(Beginning of EXTRACTED ENTRIES)

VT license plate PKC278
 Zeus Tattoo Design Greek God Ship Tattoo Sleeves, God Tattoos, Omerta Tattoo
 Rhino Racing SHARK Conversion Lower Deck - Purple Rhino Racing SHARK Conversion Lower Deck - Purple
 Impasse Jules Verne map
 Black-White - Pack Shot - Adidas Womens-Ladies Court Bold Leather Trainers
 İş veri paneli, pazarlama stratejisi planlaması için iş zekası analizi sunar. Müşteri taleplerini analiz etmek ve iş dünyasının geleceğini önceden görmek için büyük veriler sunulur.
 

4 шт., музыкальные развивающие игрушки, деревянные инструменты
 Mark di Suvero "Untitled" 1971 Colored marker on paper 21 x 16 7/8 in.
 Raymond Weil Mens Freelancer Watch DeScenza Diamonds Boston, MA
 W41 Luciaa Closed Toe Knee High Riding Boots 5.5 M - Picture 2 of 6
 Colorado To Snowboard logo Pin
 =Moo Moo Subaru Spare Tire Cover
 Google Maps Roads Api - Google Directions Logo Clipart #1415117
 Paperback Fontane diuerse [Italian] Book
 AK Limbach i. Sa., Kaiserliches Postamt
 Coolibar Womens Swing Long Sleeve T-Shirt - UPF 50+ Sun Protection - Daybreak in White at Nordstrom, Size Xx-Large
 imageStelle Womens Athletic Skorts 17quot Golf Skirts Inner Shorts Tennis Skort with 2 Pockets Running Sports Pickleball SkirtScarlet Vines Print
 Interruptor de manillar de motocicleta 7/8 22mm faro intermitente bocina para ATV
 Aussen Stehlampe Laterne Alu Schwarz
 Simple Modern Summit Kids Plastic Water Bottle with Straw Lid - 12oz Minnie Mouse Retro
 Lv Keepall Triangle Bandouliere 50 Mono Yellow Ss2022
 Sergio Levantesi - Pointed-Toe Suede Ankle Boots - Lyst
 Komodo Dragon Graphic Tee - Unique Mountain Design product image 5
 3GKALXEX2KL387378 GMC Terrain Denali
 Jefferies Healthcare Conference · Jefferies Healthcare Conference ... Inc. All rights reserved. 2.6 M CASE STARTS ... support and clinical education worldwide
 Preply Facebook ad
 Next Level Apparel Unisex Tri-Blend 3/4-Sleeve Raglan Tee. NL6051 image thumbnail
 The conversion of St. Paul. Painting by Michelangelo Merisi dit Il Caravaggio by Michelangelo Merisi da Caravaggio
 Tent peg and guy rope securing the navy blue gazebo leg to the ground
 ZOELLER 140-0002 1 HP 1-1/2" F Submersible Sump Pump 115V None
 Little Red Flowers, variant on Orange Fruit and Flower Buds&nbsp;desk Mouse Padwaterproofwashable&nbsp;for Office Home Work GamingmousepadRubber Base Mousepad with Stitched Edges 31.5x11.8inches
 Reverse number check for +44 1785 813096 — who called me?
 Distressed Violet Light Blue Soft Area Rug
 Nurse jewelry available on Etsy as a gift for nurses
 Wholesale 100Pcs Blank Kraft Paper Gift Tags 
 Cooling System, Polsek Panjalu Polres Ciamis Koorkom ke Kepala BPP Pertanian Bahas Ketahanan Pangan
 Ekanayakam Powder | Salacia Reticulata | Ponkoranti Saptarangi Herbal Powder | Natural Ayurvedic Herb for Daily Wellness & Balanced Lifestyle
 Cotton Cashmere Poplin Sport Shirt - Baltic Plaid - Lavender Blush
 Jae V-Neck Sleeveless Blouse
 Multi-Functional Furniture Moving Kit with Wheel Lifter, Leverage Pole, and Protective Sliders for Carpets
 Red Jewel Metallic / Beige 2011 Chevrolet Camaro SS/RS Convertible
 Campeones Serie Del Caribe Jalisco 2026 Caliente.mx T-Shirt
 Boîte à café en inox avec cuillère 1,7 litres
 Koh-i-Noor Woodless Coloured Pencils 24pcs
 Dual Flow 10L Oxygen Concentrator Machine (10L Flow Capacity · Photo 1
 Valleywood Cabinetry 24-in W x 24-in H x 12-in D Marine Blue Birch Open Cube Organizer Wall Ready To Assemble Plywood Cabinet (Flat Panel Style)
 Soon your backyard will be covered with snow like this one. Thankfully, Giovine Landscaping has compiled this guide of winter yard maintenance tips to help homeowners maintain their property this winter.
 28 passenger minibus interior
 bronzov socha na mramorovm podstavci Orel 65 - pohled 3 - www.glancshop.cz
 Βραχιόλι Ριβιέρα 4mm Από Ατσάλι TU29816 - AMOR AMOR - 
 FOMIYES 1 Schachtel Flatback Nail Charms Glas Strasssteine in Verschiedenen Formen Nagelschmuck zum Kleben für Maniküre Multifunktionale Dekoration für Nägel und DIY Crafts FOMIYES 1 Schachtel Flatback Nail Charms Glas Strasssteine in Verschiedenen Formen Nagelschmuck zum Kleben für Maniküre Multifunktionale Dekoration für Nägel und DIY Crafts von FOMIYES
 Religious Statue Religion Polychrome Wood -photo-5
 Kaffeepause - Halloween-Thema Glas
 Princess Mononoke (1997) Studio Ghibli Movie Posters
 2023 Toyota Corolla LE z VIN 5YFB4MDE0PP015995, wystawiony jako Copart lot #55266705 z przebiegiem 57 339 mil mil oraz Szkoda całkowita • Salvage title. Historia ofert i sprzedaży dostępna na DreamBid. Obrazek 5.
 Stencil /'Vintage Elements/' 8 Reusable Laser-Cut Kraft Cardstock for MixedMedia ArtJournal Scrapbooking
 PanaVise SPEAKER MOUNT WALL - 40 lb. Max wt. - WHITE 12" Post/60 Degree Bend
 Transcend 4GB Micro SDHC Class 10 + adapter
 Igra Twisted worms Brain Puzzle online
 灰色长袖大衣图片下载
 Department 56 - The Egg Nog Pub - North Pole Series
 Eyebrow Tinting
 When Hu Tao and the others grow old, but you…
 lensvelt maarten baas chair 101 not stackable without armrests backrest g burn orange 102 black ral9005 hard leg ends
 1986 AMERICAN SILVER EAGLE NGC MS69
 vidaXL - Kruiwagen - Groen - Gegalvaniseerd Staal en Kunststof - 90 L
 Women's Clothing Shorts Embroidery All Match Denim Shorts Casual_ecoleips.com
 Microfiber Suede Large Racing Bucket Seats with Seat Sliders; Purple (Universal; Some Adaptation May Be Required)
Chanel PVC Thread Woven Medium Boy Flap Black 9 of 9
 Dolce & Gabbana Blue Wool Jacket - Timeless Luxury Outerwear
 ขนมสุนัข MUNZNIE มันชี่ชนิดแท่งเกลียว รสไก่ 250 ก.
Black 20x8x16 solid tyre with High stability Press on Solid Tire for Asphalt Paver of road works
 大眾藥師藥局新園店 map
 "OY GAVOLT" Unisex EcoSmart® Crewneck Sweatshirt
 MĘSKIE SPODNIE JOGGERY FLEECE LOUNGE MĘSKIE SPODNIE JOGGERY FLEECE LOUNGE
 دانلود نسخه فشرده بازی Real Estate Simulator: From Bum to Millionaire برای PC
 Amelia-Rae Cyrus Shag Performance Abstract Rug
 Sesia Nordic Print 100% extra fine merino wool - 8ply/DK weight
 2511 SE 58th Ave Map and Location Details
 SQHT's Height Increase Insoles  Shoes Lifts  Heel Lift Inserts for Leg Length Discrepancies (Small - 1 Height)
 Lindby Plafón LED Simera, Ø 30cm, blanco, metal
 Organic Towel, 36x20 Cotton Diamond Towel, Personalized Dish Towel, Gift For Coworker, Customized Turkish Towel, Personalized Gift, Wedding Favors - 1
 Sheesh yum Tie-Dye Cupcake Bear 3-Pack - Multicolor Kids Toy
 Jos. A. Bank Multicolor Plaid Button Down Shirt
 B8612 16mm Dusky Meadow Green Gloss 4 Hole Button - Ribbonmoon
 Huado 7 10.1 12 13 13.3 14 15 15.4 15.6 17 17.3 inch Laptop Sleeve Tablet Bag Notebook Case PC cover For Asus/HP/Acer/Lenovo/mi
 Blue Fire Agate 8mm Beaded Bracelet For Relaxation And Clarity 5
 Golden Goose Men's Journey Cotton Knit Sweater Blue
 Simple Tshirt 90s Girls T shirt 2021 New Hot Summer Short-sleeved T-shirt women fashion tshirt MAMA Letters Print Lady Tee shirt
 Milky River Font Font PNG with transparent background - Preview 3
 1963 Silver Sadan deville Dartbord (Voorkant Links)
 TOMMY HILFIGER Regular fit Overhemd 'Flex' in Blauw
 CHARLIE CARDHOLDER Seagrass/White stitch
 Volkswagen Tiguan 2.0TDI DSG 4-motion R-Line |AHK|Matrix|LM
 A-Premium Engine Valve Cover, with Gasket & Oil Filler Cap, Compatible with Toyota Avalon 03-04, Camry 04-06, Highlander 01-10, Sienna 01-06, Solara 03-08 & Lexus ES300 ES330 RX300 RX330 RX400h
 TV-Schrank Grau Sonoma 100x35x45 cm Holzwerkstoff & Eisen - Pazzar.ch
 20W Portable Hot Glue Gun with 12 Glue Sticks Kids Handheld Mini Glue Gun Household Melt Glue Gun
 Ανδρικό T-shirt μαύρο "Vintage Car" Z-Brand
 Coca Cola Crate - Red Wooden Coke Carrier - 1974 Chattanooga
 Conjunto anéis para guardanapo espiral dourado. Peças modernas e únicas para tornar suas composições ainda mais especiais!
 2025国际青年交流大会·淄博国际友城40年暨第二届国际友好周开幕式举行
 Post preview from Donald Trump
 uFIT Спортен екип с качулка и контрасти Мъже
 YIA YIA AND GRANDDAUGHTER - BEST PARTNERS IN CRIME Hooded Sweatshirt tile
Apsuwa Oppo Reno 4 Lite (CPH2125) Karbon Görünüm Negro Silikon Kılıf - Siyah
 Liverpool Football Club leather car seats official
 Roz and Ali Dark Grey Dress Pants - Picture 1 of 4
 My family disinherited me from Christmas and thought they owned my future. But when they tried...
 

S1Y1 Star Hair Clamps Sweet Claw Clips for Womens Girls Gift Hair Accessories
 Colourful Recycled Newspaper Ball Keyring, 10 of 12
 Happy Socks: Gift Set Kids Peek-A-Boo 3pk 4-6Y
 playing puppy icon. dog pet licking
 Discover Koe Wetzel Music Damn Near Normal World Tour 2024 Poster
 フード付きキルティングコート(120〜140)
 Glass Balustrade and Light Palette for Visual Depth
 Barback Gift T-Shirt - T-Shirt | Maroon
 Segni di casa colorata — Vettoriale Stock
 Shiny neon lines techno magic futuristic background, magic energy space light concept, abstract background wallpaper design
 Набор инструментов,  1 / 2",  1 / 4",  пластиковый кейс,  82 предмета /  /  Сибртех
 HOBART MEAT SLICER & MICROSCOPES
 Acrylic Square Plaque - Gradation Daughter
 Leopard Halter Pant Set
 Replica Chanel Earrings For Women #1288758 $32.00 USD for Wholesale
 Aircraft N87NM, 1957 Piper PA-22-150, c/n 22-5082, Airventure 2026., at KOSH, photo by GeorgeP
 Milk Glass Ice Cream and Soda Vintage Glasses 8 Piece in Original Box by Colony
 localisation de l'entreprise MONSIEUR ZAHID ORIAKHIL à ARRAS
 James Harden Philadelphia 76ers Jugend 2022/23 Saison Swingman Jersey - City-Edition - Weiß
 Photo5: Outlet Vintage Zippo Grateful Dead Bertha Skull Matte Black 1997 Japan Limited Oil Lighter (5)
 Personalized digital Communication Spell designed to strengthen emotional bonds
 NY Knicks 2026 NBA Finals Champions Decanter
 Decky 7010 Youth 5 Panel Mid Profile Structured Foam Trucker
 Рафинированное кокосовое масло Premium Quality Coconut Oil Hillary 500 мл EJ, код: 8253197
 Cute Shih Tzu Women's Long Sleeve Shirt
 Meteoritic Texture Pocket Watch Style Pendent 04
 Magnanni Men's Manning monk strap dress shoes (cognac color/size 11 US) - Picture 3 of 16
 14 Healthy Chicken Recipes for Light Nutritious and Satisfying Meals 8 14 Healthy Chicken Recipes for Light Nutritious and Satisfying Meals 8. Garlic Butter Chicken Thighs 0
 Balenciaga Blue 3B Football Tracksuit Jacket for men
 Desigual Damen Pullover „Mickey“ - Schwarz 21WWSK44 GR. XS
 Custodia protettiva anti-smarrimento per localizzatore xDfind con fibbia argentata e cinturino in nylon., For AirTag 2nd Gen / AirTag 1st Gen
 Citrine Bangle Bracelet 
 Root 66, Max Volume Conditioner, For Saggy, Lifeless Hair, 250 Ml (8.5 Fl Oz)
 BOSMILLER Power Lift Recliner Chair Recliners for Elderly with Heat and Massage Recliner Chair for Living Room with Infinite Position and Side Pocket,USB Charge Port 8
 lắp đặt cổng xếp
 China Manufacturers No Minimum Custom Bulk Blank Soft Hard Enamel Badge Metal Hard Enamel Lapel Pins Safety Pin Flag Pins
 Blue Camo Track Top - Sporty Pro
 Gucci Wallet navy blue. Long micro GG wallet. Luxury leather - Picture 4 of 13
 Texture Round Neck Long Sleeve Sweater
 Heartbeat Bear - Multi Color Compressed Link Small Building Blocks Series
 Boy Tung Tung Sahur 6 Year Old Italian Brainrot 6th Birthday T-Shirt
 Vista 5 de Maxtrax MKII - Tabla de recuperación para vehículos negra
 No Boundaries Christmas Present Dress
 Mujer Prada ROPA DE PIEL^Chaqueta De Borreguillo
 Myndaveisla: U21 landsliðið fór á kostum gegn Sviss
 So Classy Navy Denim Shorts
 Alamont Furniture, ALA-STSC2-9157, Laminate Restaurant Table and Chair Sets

(End of EXTRACTED ENTRIES)

### TRY IT:
What you return must be an exact retyping of the lines above starting at the line with "Shiny neon lines" and ending at the line with "Root 66, Max", and nothing besides.

### OUTPUT:
 Shiny neon lines techno magic futuristic background, magic energy space light concept, abstract background wallpaper design
 Набор инструментов,  1 / 2",  1 / 4",  пластиковый кейс,  82 предмета /  /  Сибртех
 HOBART MEAT SLICER & MICROSCOPES
 Acrylic Square Plaque - Gradation Daughter
 Leopard Halter Pant Set
 Replica Chanel Earrings For Women #1288758 $32.00 USD for Wholesale
 Aircraft N87NM, 1957 Piper PA-22-150, c/n 22-5082, Airventure 2026., at KOSH, photo by GeorgeP
 Milk Glass Ice Cream and Soda Vintage Glasses 8 Piece in Original Box by Colony
 localisation de l'entreprise MONSIEUR ZAHID ORIAKHIL à ARRAS
 James Harden Philadelphia 76ers Jugend 2022/23 Saison Swingman Jersey - City-Edition - Weiß
 Photo5: Outlet Vintage Zippo Grateful Dead Bertha Skull Matte Black 1997 Japan Limited Oil Lighter (5)
 Personalized digital Communication Spell designed to strengthen emotional bonds
 NY Knicks 2026 NBA Finals Champions Decanter
 Decky 7010 Youth 5 Panel Mid Profile Structured Foam Trucker
 Рафинированное кокосовое масло Premium Quality Coconut Oil Hillary 500 мл EJ, код: 8253197
 Cute Shih Tzu Women's Long Sleeve Shirt
 Meteoritic Texture Pocket Watch Style Pendent 04
 Magnanni Men's Manning monk strap dress shoes (cognac color/size 11 US) - Picture 3 of 16
 14 Healthy Chicken Recipes for Light Nutritious and Satisfying Meals 8 14 Healthy Chicken Recipes for Light Nutritious and Satisfying Meals 8. Garlic Butter Chicken Thighs 0
 Balenciaga Blue 3B Football Tracksuit Jacket for men
 Desigual Damen Pullover „Mickey“ - Schwarz 21WWSK44 GR. XS
 Custodia protettiva anti-smarrimento per localizzatore xDfind con fibbia argentata e cinturino in nylon., For AirTag 2nd Gen / AirTag 1st Gen
 Citrine Bangle Bracelet 
 Root 66, Max Volume Conditioner, For Saggy, Lifeless Hair, 250 Ml (8.5 Fl Oz)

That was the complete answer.